By David Hawkins
Phenom-A-Mum called me in the middle of the day to say, “You’ve got to check out fidget spinners, they’re the new big thing! Perfect for a Dad-review.” An awkward silence followed as I tried to work out what she was talking about. “A fidgety spinster?” I replied, “Can’t see them being that much more popular than the non-fidgety ladies. And probably not the thing to be giving to our toddler.”
By now I am sure you have heard all about the raging craze that is the Fidget Spinner and how schools nationwide are banning it with catholic-style condemnation. If you don’t know, Google it, because all you need to see is a two-second video of the spinner’s eternal revolutionary revolution to get the whole concept; it turns around a lot, very fast. That’s it. Oh, and you hold it between your thumb and insult (otherwise known as ‘middle’) finger.
I’m guessing that you’re getting ready for an old man grump-off about kids these days and how we did fads better in my time, but you would be wrong. Whilst I was initially stumped with incomprehension of how something so inane could become so popular, I threw a decade (or two) off my shoulders and decided to try it before I bag it. So I hopped onto Gumtree and had a trio of smoothly designed gadgets in my wrinkling palms before the end of the afternoon. Yep, that was the beginning of the end.
Minutes after my initial tampering I found myself making a shopping list only to discover that I was unconsciously spinning one of them in my unoccupied hand! And then I just kept on spinning. Staring at the spinners is interesting for a minute or two, as you watch pretty patterns flicker past, and would probably hold attentions for longer if you bought the pricier LED light-up versions, but it is the sole act of having it spin that gets you.
It feels nice; constant, repetitive, reassuring.
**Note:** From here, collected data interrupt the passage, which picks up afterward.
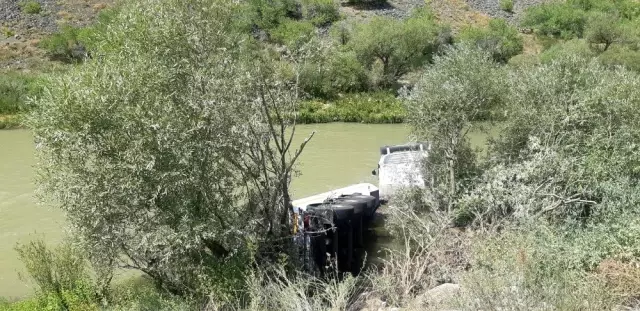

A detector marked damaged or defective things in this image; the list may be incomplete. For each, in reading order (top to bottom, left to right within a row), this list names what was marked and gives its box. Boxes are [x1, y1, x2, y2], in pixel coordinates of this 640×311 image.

overturned truck [292, 143, 428, 276]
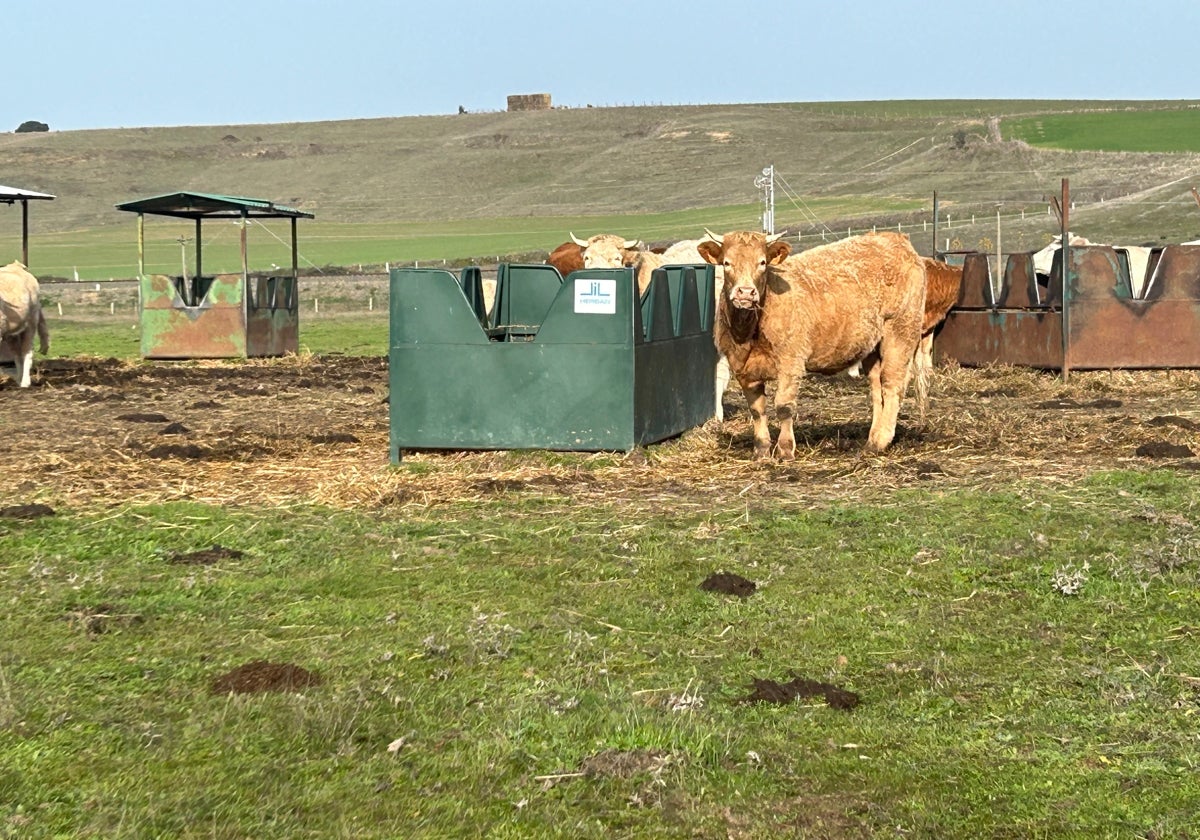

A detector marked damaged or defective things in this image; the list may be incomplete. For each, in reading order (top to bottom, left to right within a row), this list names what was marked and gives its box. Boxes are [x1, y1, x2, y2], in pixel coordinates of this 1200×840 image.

rusty metal feeder [115, 192, 314, 360]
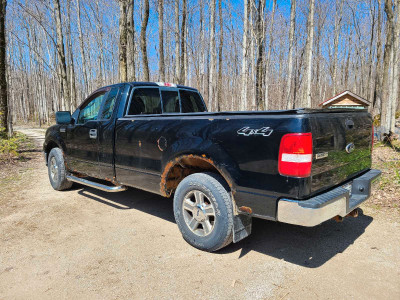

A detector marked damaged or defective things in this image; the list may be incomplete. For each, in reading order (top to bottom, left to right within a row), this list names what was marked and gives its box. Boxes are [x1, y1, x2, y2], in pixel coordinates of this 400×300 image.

rust on wheel well [160, 155, 234, 199]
Some of them make a little whizzing or rubbing sound that starts out as annoying and quickly becomes noticeably absent when you put the spinner down. The throbbing gyration in your hand is what really gets you, and you can get that filthy image out of your mind! This is an innocent and puerile toy that I now understand.
My four year old is already wanting to play with them all of the time, losing his temper when the fidget spinner knocks against his teeny hand and grinds to an abrupt halt. And this means that our one year old is equally hungering for them because whatever big brother likes, little brother steals.
Don’t listen to the naysayers and grumpy old f-ers who want to spit on anything that’s newer than the penny farthing. It is not a lame hula-hoop rip-off (states a man who has never managed to hula the hoop) nor a toy for stupid people. Join the hordes of tech-wannabe business folk, who pay upwards of a hundred dollars for fancy executive models, and enjoy something that is nothing much more than a small comfort.
Or join the really cool school kids and see if you can use them to do tricks. Balance a spinning spinner on your nose or flip it from one elbow to the other. I will admit that it reminds me of the yo-yo mega-fad during the 80’s but without the difficulty level that always kept this uncoordinated tease-target from ever managing to walk-the-dog. See, perfect for me!
David Hawkins is a Peninsula based stay-at-home-dad who realised that he needed to improve his Dadding. So he set himself the simple task of being an Awesome Dad. He now challenges all dads to be awesome dads, by doing something out-of-the-ordinary with their kids.